🌇 A look at Cityfunds by Nada
Fractionalizing shares of city real estate
I hope you enjoyed last week’s issue on Kingscrowd – only of the only startups doing due diligence on other startups.
Today we're diving into Cityfunds — a set of unique city index funds from Nada.
Do you ever wish you could go long on a city's entire real estate market?
Say you're bullish on the future of Austin, Miami, or Atlanta. You want exposure to those markets, but don't have the cash to buy dozens of properties. How would you invest in them?
Nada is the first-ever company that lets you buy into major US real estate hotspots through their index-like real estate funds, for as low as $100.
It's a cool model. They're basically fractionalizing shares of cities.
Let's see what it's all about 👇
Type: Single-family homes (90% owner-occupied, 10% rentals)
Accreditation: Anyone can invest. Non-accredited investors are welcome
Geography: US investors only (for now)
Minimum investment: $100
Investment horizon: 5-7 years (but a secondary market for trading shares anytime is coming soon)
Housing markets are sort of "stuck"
By now, most people know what’s happening in residential real estate.
Around the world, interest rates are still rising, while property prices are falling. Rental yields are rising (great for landlords, bad for renters) and nobody wants to move.
The entire market feels like a stalemate, with no end in sight. Which is too bad — because diversification is always a good idea, especially when prices are depressed like they are today.

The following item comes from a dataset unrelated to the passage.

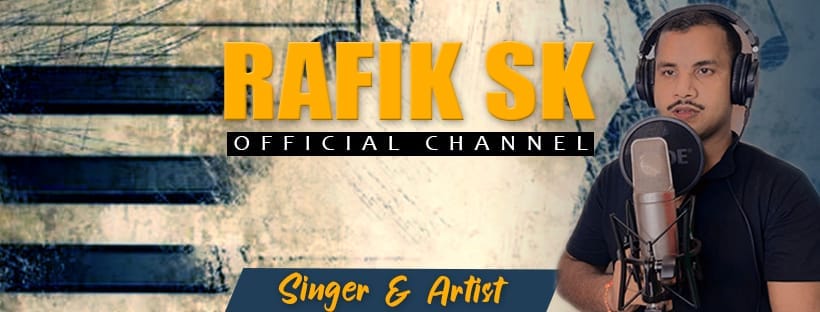 Singer Rafik sk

But for many investors, this goal is out of reach. Mortgage payments have rocketed up, supply is down, and the barrier to real estate ownership may actually be the highest it’s ever been.
Sure, there are REITs. But REITs tend to struggle during periods of rising interest rates, and often don’t have the same localized growth potential as a private fund.

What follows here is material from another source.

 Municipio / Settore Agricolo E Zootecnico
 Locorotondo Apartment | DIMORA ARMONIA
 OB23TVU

This is where Nada comes in.
What is Nada?
Nada is a Dallas-based startup with a new way to own high-growth city real estate.
Nada’s flagship product is its Cityfunds, which lets you invest in diverse portfolios of residential real estate. The funds are centered around some of America's fastest-growing cities, including Dallas, Austin, Miami, and Tampa.
It's all done through their app, which is really clean. To download, tap here from your phone, or scan the QR code below.
Who's the team behind Cityfunds?
Nada is led by CEO John Green, who is also a managing partner of the company’s Cityfunds.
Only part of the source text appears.